TASK BRIEF
Whatever precedes the line containing "I'm going to start" is not copied; that line and every line after it through the final one below are copied exactly, except pictures.

RAW DATA
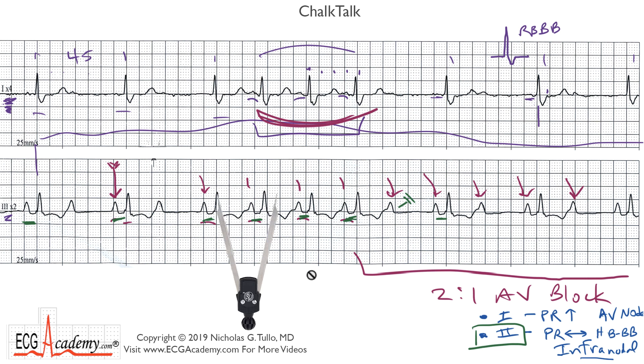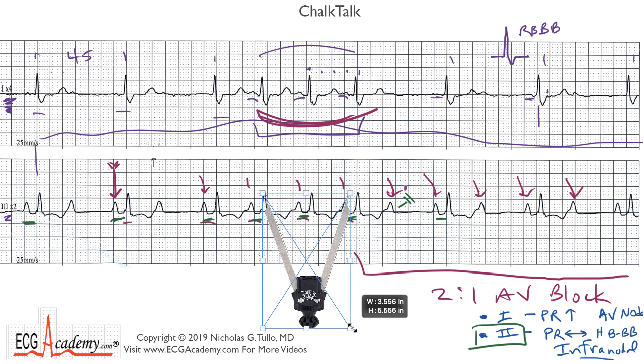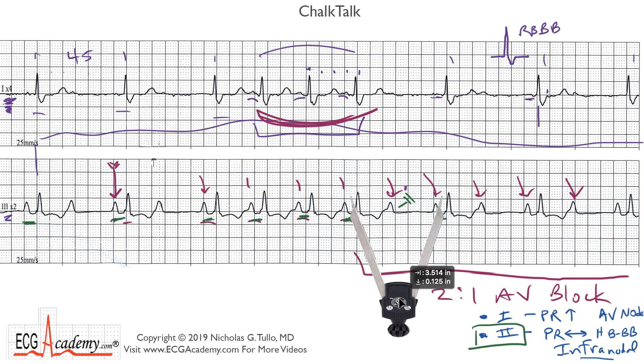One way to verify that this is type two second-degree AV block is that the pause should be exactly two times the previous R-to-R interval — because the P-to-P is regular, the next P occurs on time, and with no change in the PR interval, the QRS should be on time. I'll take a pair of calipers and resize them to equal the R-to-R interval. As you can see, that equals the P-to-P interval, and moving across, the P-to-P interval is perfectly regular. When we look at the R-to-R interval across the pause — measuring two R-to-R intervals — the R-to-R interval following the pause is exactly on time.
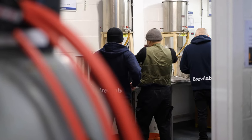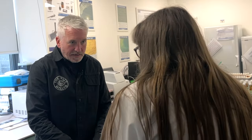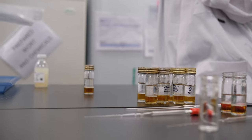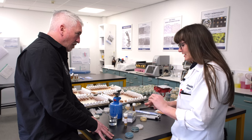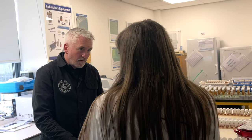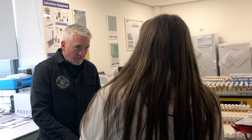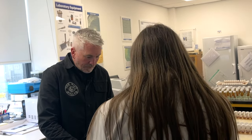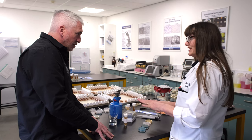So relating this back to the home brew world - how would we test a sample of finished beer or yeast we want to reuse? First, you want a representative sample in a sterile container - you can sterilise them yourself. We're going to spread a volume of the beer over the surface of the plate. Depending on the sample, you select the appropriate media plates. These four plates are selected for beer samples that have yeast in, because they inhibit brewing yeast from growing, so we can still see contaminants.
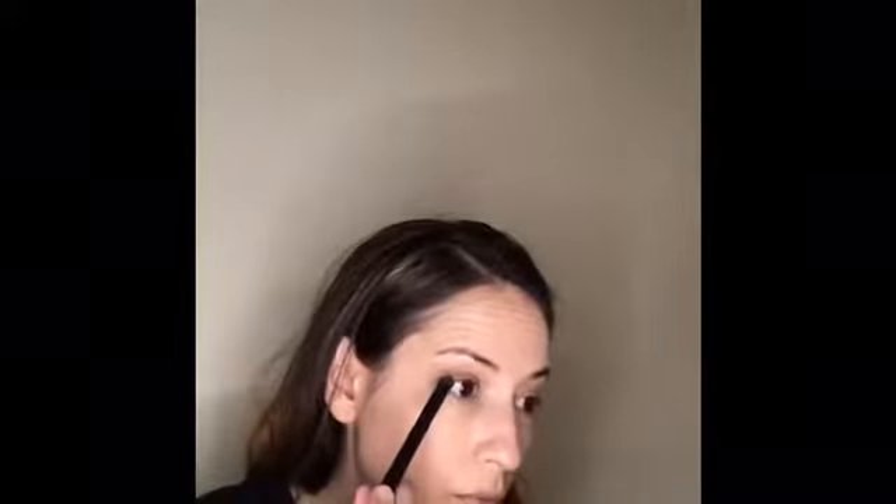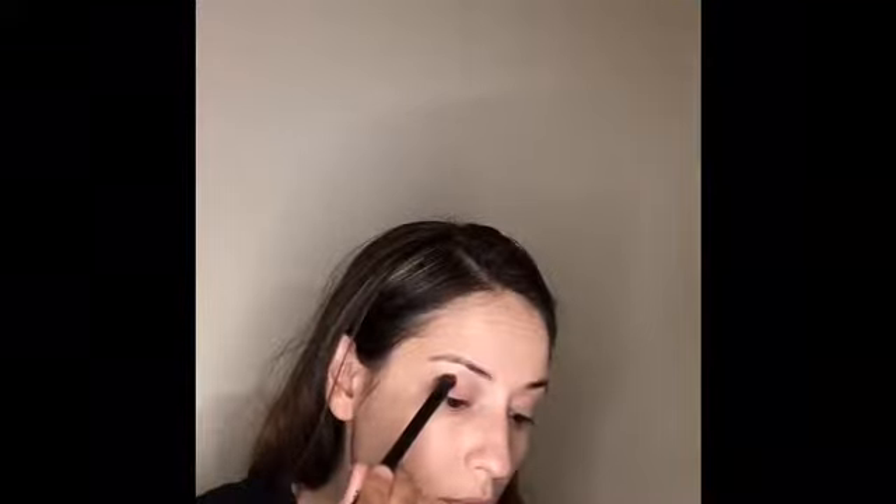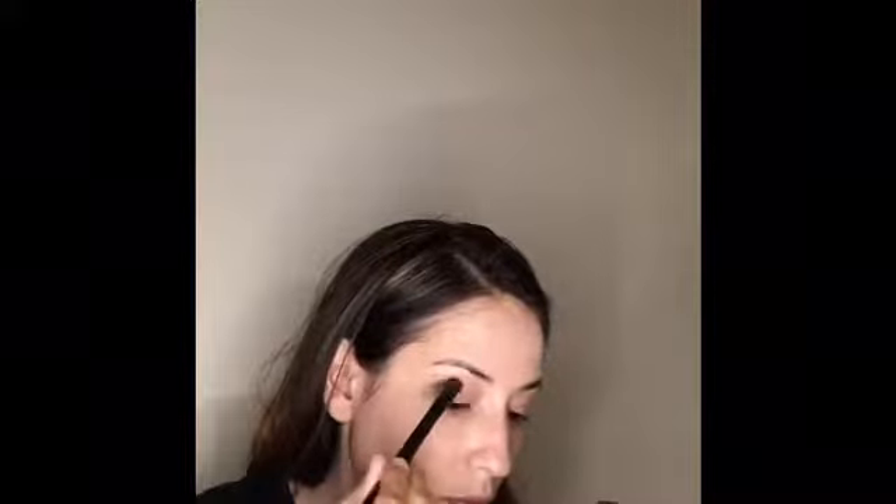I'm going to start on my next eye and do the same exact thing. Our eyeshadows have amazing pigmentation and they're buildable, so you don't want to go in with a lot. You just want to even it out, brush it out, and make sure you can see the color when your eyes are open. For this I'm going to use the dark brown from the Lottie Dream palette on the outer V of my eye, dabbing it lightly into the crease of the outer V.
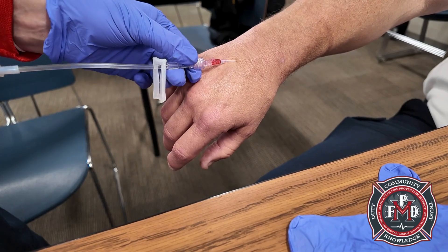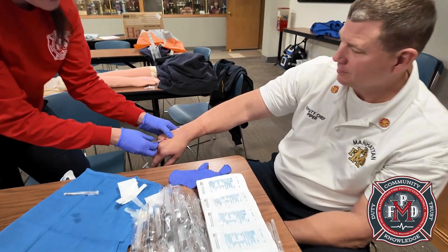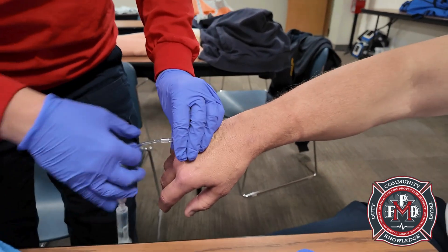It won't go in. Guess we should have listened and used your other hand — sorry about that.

WRITTEN RESPONSE
I'm going to start on my next eye and do the same exact thing. Our eyeshadows have amazing pigmentation and they're buildable, so you don't want to go in with a lot. You just want to even it out, brush it out, and make sure you can see the color when your eyes are open. For this I'm going to use the dark brown from the Lottie Dream palette on the outer V of my eye, dabbing it lightly into the crease of the outer V.
It won't go in. Guess we should have listened and used your other hand — sorry about that.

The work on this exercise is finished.